THEORY OF STEM CELL PROLOTHERAPY


The ability of AD-SC’s to support and serve as a cell reservoir for connective tissue and joint repair is the basic theory of stem cell Prolotherapy. With stem cell Prolotherapy, a stem cell niche (microenvironment which favors healing) is moved from one tissue in which these niches are abundant (adipose) into one where they are scarce (a non-repairing connective tissue).171 AD-SC’s have been shown, in multiple studies, to improve wound healing and stimulate fibroblast proliferation, migration and collagen secretion, thereby increasing connective tissue tensile strength and healing.172 As discussed earlier, AD-SC’s have differentiation potential to become cartilage, tendon, ligament, bone and skeletal or smooth muscle, and are also capable of expressing multiple growth factors that influence, control and manage damaged neighboring cells.173 AD-SC’s have also been reported helpful in intervertebral disc regeneration,174 tendon and ligament regeneration,175 and in accelerating tendon repair and strength.176 It is reasonable then that when traditional dextrose Prolotherapy and/or platelet rich plasma Prolotherapy, or other stronger proliferants, have not resulted in complete resolution of a musculoskeletal problem, stem cell Prolotherapy would be the logical next step. Our reported technique uses well established Prolotherapy injection protocols with autologous AD-SC, harvested via microcannula lipoaspiration, together with high-density PRP concentrates. Lipoaspirates are obtained via the patented closed syringe Tulip™ microcannula system, a technique commonly employed by cosmetic-plastic surgery in structural fat grafting. The harvested autologous fat graft complex can then be decanted by gravity, or low g-centrifugation (less than 1000 g for 3 minutes), and combined with highly concentrated platelet-rich plasma obtained via Harvest Technologies’ SmartPrep2 system.177

The combination of PRP and AD-SC in a fat graft matrix is then accurately injected into injured musculoskeletal and connective tissue via ultrasound guided injection. In our early technique, and in the clinical cases reported in this paper, gravity decanting was used, which has been shown to provide a large number of viable AD-SC’s.178 We are now beginning to use low g-centrifugation to effectively compress the adipose tissues and separate the lipid oil fraction. This is believed to provide a more cellular graft and stroma to enhance clinical effectiveness.

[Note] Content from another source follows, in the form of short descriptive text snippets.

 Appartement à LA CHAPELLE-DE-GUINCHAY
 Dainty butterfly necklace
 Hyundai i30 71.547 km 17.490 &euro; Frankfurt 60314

HIGH-DENSITY PRP CREATES A FAVORABLE GROWTH FACTOR ENVIRONMENT


A concentrated growth factor environment, coupled with a living bioscaffolding, has been found to be important for AD-SC used in orthopedic applications.179 High-density PRP (HD-PRP) has shown the ability to enhance musculoskeletal healing and stimulate local microenvironmental regenerative capabilities,180 especially during the early phase of tendon healing.181 Proliferation of AD-SC’s and their differentiation is also believed to be directly related to platelet concentration.182 HD-PRP releases large quantities of Platelet Derived Growth Factor (PDGF), Transforming Growth Factor-Beta 1 (TGF-B1), and many others which, when activated, significantly enhance stem-stromal cell proliferation and angiogenesis,183, 184 as well as enhancing the survival of the fat scaffolding.185 The fat tissue complex used in this protocol provides a cell source and matrix (bioscaffolding) serving to provide improved adherence capabilities for proliferative stromal cell activity, which is then amplified with addition of HD-PRP.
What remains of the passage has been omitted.